The Last Angry Man

UPDATED 05/20/1991 at 01:00 AM EDT Originally published 05/20/1991 at 01:00 AM EDT

IT'S A RUDE WORLD, LAMENTS GEORGE Saade, 56, an electronics-store owner in Rome, Ga. "I'm sick of it," he says from an old, overstuffed chair in the back of his shop. "I'm tired of going into a store and no one knows anything about the merchandise they're supposed to be selling! I can't understand why companies spend millions of dollars to get you into their stores only to mistreat you! And when's the last time a salesperson said thank you to you? If you start noticing, you'll be surprised."

Not half as surprised as the inconsiderate salesperson who receives one of Saade's Job Performance Cards, business card—size evaluations that feature two boxes, one marked POOR (followed by the admonition: "You have shown absolutely no appreciation for my business or in helping me whatsoever. You may not have the opportunity again"), the other marked EXCELLENT (followed by the encomium: "Note to Employer: Do not let this employee get away. This person is of great value to your firm"). Rude service, of course, merits an indignant check in the first box.
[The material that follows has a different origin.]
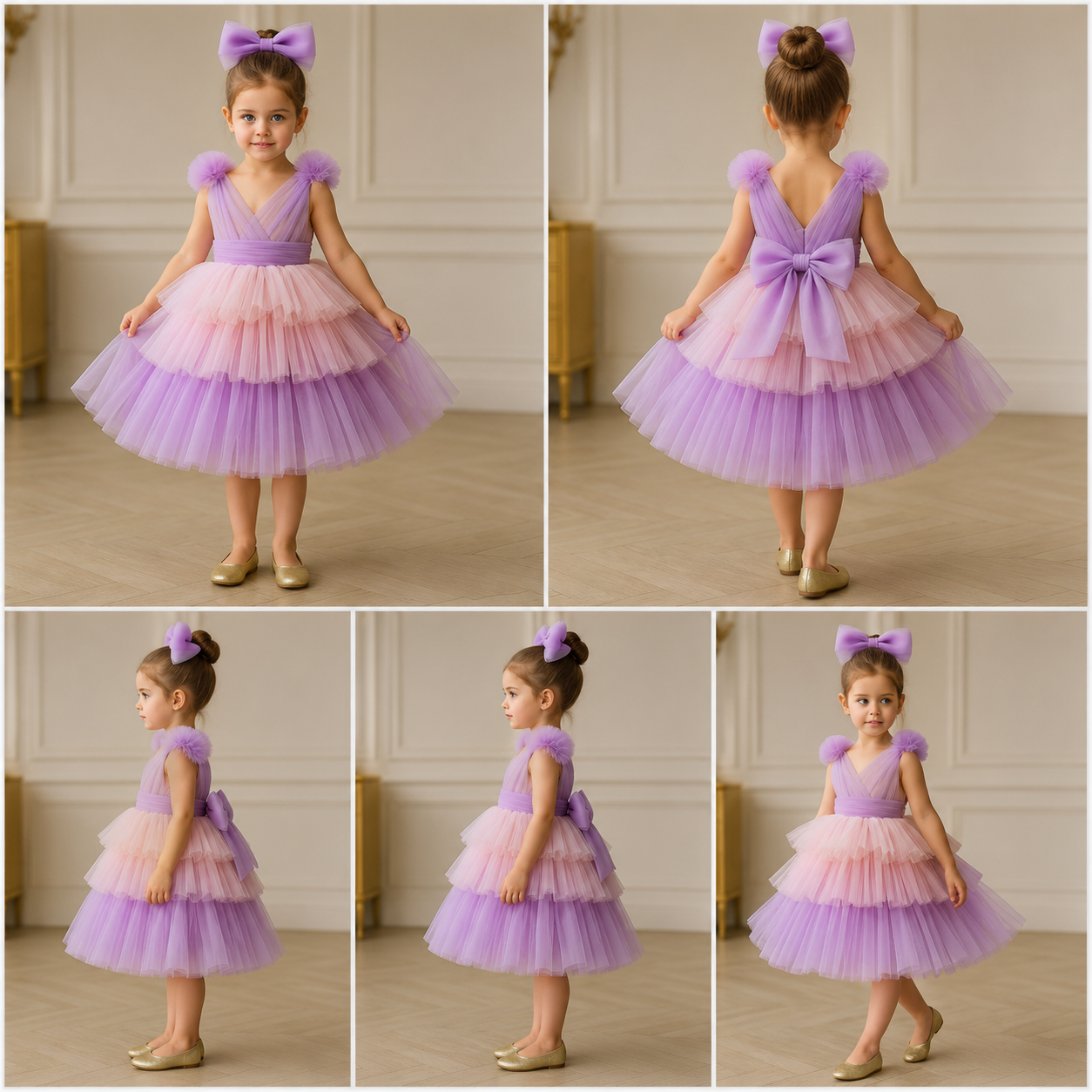 Pre Order: Multicolour Layered Net Dress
The Ralph Nader of the offended, Saade, a lifelong bachelor, came up with the idea for the cards five years ago, after suffering once too often the slings and arrows of outrageously rotten service in markets, restaurants and gas stations.

Most of the cards—which have been noted by columnists across the nation and now provide Saade with a modest sideline (they're available by mail, $5 for a pack of 50, P.O. Box 1304, Rome, Ga. 30162)—go to manners-conscious folks in the Northeast and Midwest. Muses Saade, who gives out twice as many POOR evaluations as he does EXCELLENT: "There are probably more rude people in those areas."

Denver oil-and-gas executive Larry Skaer and wife Mary Lee, a preschool teacher, ordered their cards, says Skaer, "for our own psychological good. Sometimes you just feel so helpless when someone is rude to you." And are they, like several hundred other satisfied customers, gloating about their newfound power over rudeniks? Well, not exactly. Skaer hasn't tried handing out cards checked POOR yet, he says, but Mary Lee did leave one at a Chinese restaurant, where an inattentive waiter never brought her chopsticks, among other sins.

In fact, how to leave a card without being rude—or foolhardy—is a challenge even for Saade, who prefers to make a note of the offender's name tag and just mail his evaluation. "I don't hand them out," he says, "because I don't want to get in a fight."